**YOUR TASK:** Reproduce each line below without any alteration.
SOURCE MATERIAL START
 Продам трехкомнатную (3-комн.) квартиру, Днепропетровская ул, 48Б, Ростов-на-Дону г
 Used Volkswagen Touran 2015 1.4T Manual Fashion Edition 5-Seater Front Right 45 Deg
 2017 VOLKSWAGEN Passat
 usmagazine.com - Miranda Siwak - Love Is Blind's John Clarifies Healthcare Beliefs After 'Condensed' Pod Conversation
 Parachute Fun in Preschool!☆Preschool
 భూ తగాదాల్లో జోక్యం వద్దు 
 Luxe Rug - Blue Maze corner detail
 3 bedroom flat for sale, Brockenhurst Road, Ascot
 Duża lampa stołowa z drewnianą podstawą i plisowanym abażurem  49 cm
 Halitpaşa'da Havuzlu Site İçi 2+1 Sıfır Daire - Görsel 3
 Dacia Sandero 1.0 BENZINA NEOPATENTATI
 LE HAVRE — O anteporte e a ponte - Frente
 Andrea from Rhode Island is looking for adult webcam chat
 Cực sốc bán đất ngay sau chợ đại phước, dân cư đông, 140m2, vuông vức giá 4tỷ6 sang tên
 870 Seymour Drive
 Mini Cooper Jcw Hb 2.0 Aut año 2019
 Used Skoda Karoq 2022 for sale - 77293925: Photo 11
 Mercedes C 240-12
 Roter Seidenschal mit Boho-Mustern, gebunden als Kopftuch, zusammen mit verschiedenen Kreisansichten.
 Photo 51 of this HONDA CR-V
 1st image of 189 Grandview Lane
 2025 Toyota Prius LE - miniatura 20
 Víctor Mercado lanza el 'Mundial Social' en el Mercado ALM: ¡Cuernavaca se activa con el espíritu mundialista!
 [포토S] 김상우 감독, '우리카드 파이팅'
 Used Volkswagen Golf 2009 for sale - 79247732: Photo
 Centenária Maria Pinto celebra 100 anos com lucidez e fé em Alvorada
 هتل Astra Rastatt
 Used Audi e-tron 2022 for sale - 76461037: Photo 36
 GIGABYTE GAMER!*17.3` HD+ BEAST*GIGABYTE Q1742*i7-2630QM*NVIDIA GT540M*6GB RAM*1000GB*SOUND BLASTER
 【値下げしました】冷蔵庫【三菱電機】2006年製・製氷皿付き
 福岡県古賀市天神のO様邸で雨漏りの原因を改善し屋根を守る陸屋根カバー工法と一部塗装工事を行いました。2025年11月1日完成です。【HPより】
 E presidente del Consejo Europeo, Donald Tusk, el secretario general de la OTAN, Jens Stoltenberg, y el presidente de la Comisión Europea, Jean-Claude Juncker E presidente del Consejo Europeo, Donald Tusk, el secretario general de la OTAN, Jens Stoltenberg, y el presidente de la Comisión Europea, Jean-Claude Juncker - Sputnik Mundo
SOURCE MATERIAL END
**SOLUTION TO THIS TASK:**
 Продам трехкомнатную (3-комн.) квартиру, Днепропетровская ул, 48Б, Ростов-на-Дону г
 Used Volkswagen Touran 2015 1.4T Manual Fashion Edition 5-Seater Front Right 45 Deg
 2017 VOLKSWAGEN Passat
 usmagazine.com - Miranda Siwak - Love Is Blind's John Clarifies Healthcare Beliefs After 'Condensed' Pod Conversation
 Parachute Fun in Preschool!☆Preschool
 భూ తగాదాల్లో జోక్యం వద్దు 
 Luxe Rug - Blue Maze corner detail
 3 bedroom flat for sale, Brockenhurst Road, Ascot
 Duża lampa stołowa z drewnianą podstawą i plisowanym abażurem  49 cm
 Halitpaşa'da Havuzlu Site İçi 2+1 Sıfır Daire - Görsel 3
 Dacia Sandero 1.0 BENZINA NEOPATENTATI
 LE HAVRE — O anteporte e a ponte - Frente
 Andrea from Rhode Island is looking for adult webcam chat
 Cực sốc bán đất ngay sau chợ đại phước, dân cư đông, 140m2, vuông vức giá 4tỷ6 sang tên
 870 Seymour Drive
 Mini Cooper Jcw Hb 2.0 Aut año 2019
 Used Skoda Karoq 2022 for sale - 77293925: Photo 11
 Mercedes C 240-12
 Roter Seidenschal mit Boho-Mustern, gebunden als Kopftuch, zusammen mit verschiedenen Kreisansichten.
 Photo 51 of this HONDA CR-V
 1st image of 189 Grandview Lane
 2025 Toyota Prius LE - miniatura 20
 Víctor Mercado lanza el 'Mundial Social' en el Mercado ALM: ¡Cuernavaca se activa con el espíritu mundialista!
 [포토S] 김상우 감독, '우리카드 파이팅'
 Used Volkswagen Golf 2009 for sale - 79247732: Photo
 Centenária Maria Pinto celebra 100 anos com lucidez e fé em Alvorada
 هتل Astra Rastatt
 Used Audi e-tron 2022 for sale - 76461037: Photo 36
 GIGABYTE GAMER!*17.3` HD+ BEAST*GIGABYTE Q1742*i7-2630QM*NVIDIA GT540M*6GB RAM*1000GB*SOUND BLASTER
 【値下げしました】冷蔵庫【三菱電機】2006年製・製氷皿付き
 福岡県古賀市天神のO様邸で雨漏りの原因を改善し屋根を守る陸屋根カバー工法と一部塗装工事を行いました。2025年11月1日完成です。【HPより】
 E presidente del Consejo Europeo, Donald Tusk, el secretario general de la OTAN, Jens Stoltenberg, y el presidente de la Comisión Europea, Jean-Claude Juncker E presidente del Consejo Europeo, Donald Tusk, el secretario general de la OTAN, Jens Stoltenberg, y el presidente de la Comisión Europea, Jean-Claude Juncker - Sputnik Mundo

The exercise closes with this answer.